### [Instructions to follow]
Would you repeat the listing exactly, without any of its images?

### [Information provided]
----
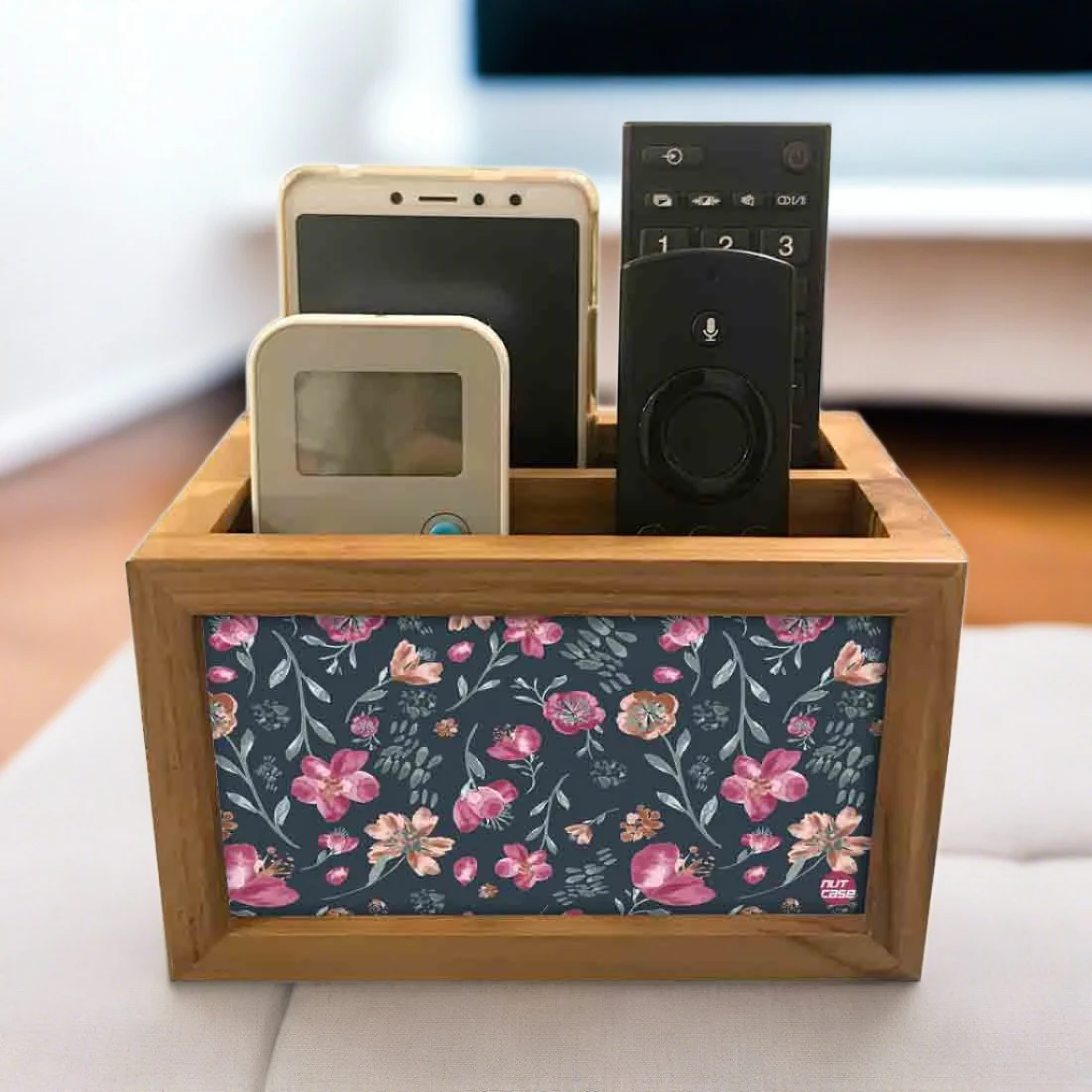 Organizer For TV AC Remotes -Cute Baby Floral Art Gray - Image 2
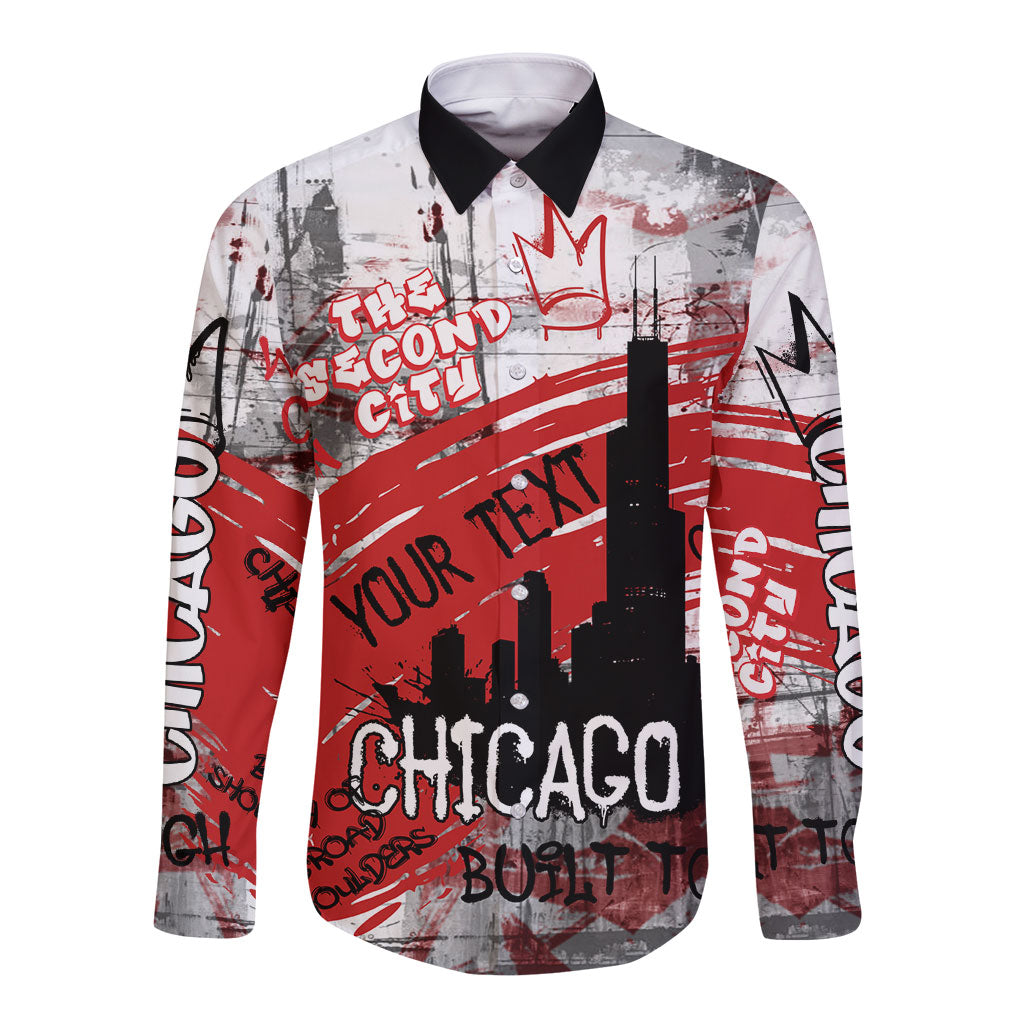 Personalized Chicago City Skyline Long Sleeve Button Shirt Urban Graffiti Street Art - Second City Windy City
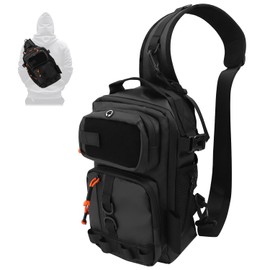 VKVXCLON Fishing Backpack Tackle Storage Bag,Lightweight Outdoor Water-Resistant Fishing Shoulder Storage Bag for Fishing, Hunting,Camping and Hiking (Black)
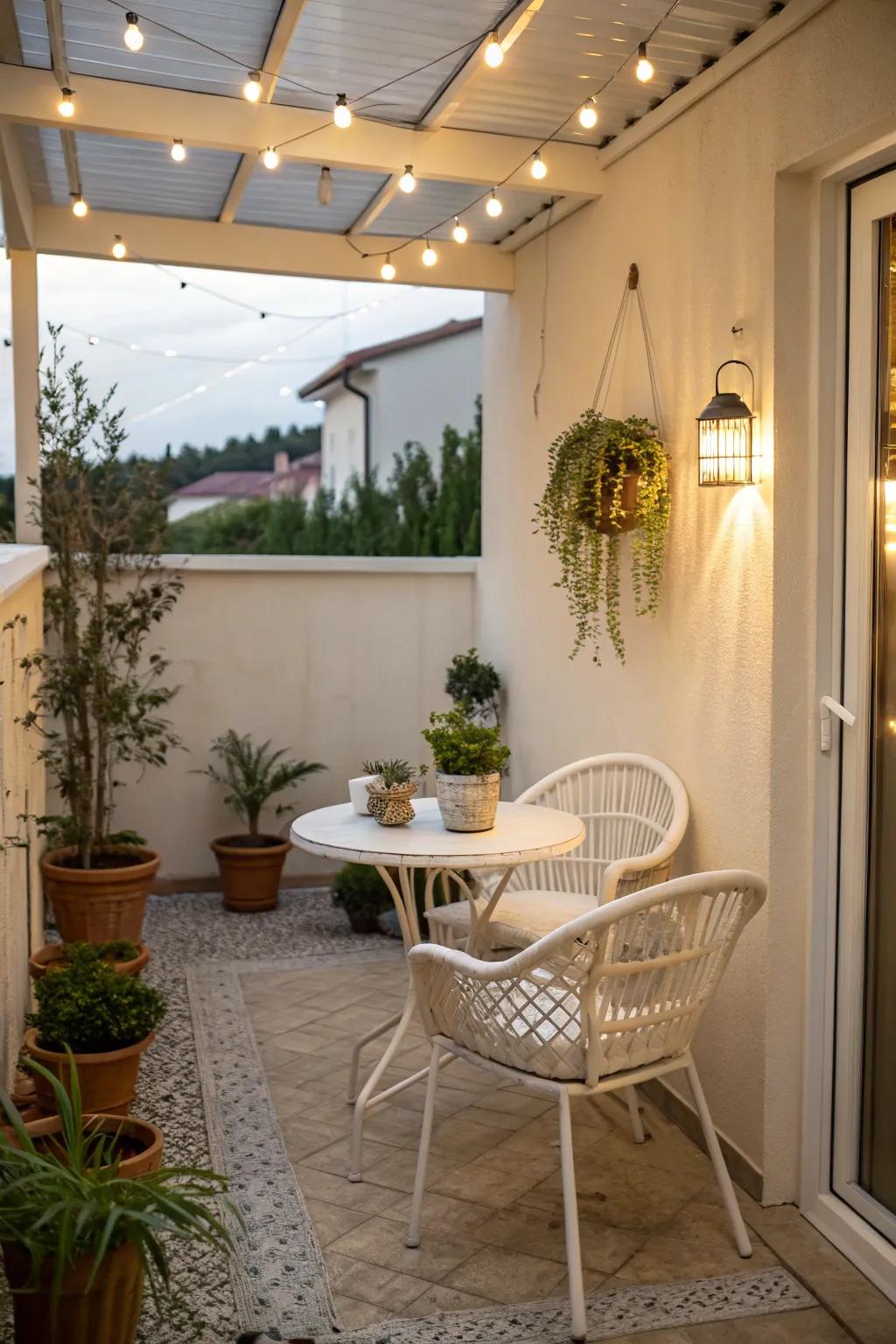 Light colors expand the visual space of a small patio.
----
### [Expected answer]
 Organizer For TV AC Remotes -Cute Baby Floral Art Gray - Image 2
 Personalized Chicago City Skyline Long Sleeve Button Shirt Urban Graffiti Street Art - Second City Windy City
 VKVXCLON Fishing Backpack Tackle Storage Bag,Lightweight Outdoor Water-Resistant Fishing Shoulder Storage Bag for Fishing, Hunting,Camping and Hiking (Black)
 Light colors expand the visual space of a small patio.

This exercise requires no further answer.